§ **Exercise details**:
Please set down the records below exactly as they appear.

§ **Supplied data**:

========================

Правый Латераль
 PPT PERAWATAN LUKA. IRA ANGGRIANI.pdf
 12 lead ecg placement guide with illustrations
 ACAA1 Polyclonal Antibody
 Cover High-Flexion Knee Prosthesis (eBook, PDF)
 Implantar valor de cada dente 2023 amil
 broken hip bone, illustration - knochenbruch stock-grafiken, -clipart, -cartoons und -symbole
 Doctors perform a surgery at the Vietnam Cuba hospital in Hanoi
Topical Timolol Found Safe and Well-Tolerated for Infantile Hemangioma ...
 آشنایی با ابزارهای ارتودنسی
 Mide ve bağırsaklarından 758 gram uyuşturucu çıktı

========================

§ **Result for this exercise**:
Правый Латераль
 PPT PERAWATAN LUKA. IRA ANGGRIANI.pdf
 12 lead ecg placement guide with illustrations
 ACAA1 Polyclonal Antibody
 Cover High-Flexion Knee Prosthesis (eBook, PDF)
 Implantar valor de cada dente 2023 amil
 broken hip bone, illustration - knochenbruch stock-grafiken, -clipart, -cartoons und -symbole
 Doctors perform a surgery at the Vietnam Cuba hospital in Hanoi
Topical Timolol Found Safe and Well-Tolerated for Infantile Hemangioma ...
 آشنایی با ابزارهای ارتودنسی
 Mide ve bağırsaklarından 758 gram uyuşturucu çıktı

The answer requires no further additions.